The expected response is an exact repetition of every record, with images excluded.

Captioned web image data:
____________________
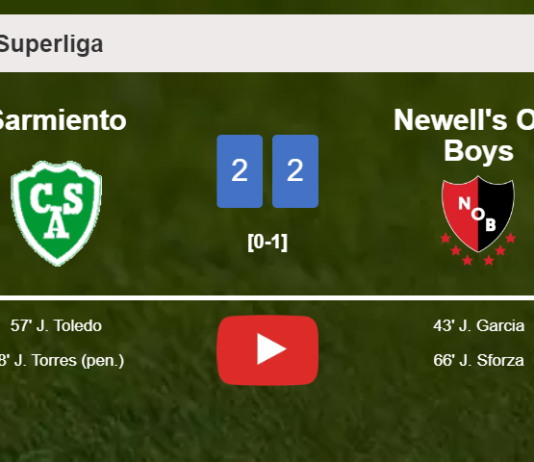 Sarmiento and Newell's Old Boys draw 2-2 on Saturday. HIGHLIGHTS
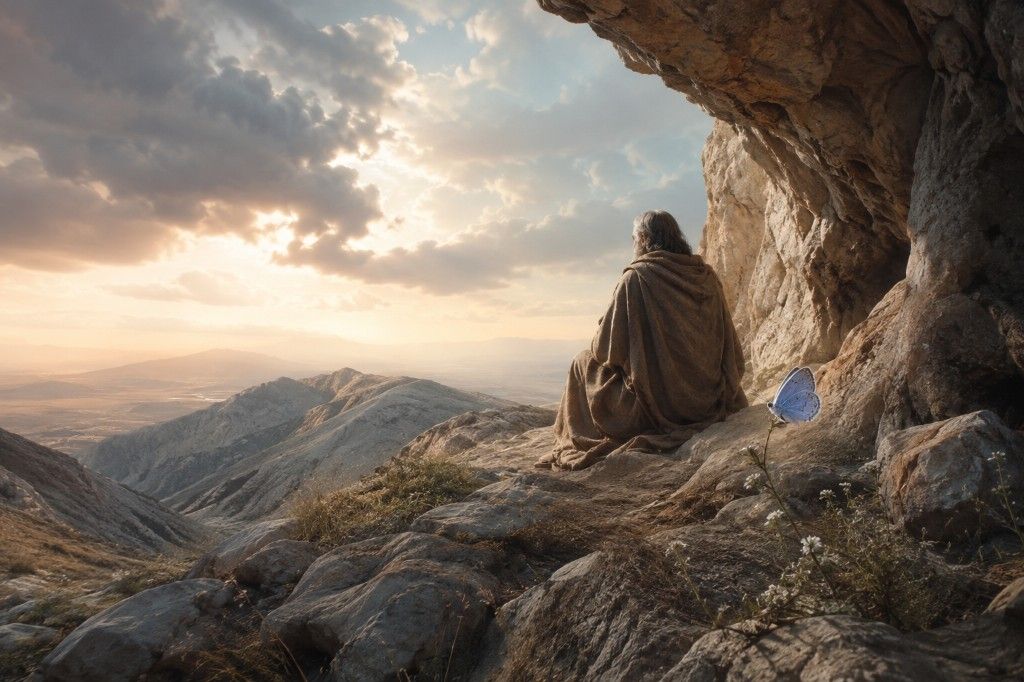 Elías sentado junto a una cueva en la montaña, ante un horizonte sereno, con una pequeña mariposa azul cercana.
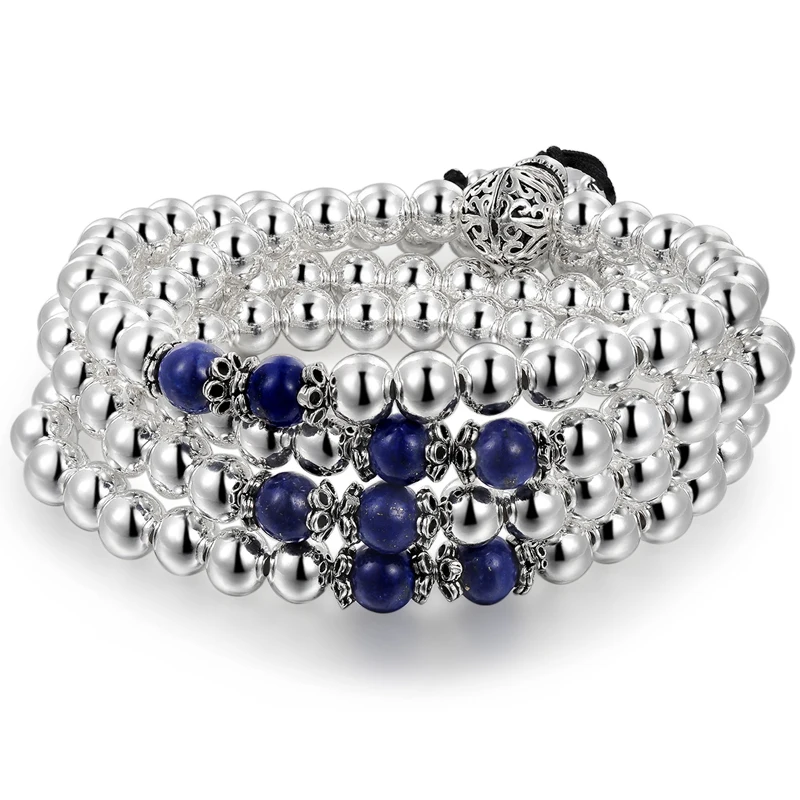 

L&P 100% 925 Silver Beads Lapis Lazuli hand bracelet for women Top quality National Style bracelet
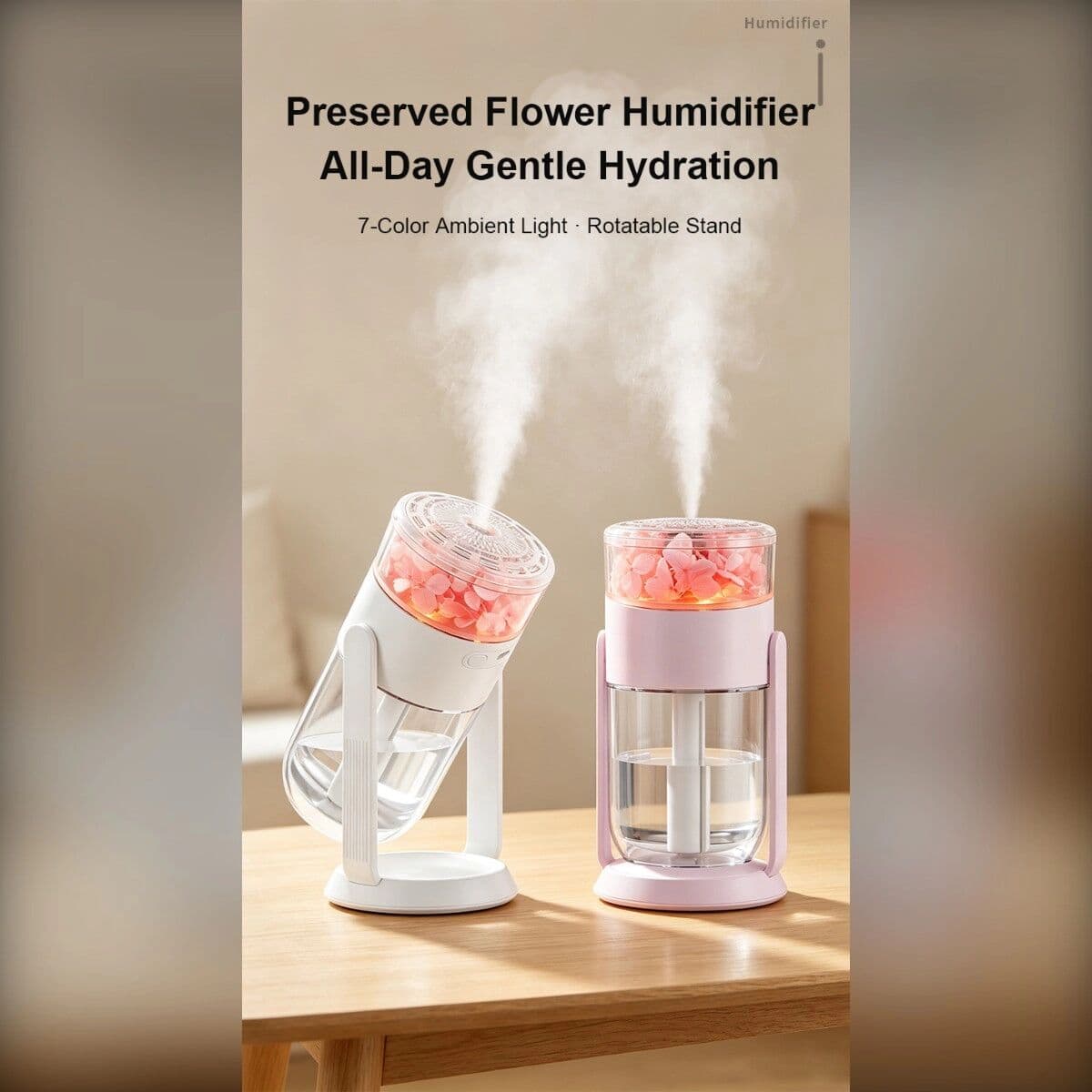 INF Humidificateur de bureau USB à fleur stabilisée, brume élevée, LED d'ambiance et support rotatif Blanc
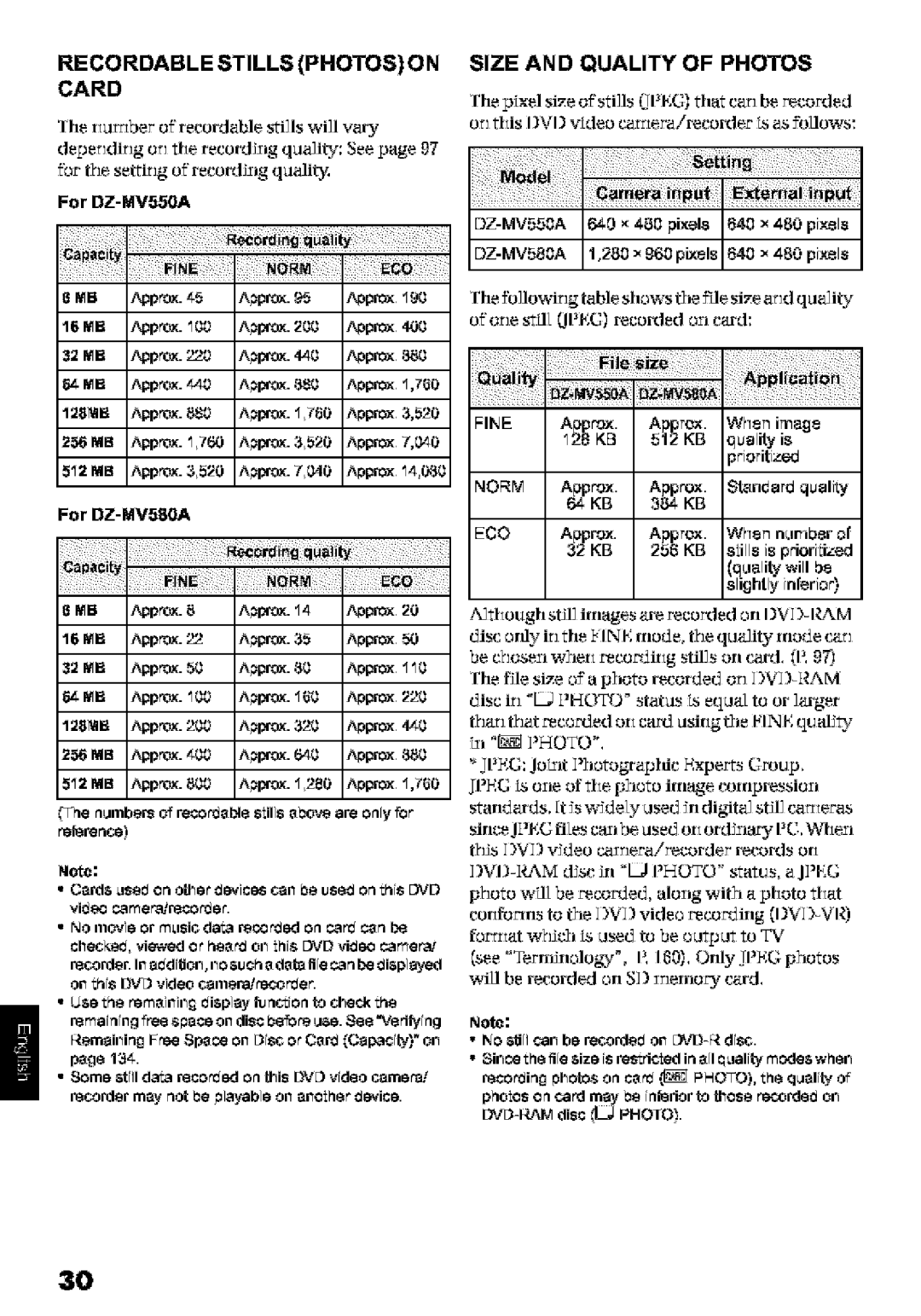 Hitachi DZ-MV580A instruction manual Recordable Stills Photos on Card, Size and Quality of Photos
____________________
**Finished exercise**
 Sarmiento and Newell's Old Boys draw 2-2 on Saturday. HIGHLIGHTS
 Elías sentado junto a una cueva en la montaña, ante un horizonte sereno, con una pequeña mariposa azul cercana.

L&P 100% 925 Silver Beads Lapis Lazuli hand bracelet for women Top quality National Style bracelet
 INF Humidificateur de bureau USB à fleur stabilisée, brume élevée, LED d'ambiance et support rotatif Blanc
 Hitachi DZ-MV580A instruction manual Recordable Stills Photos on Card, Size and Quality of Photos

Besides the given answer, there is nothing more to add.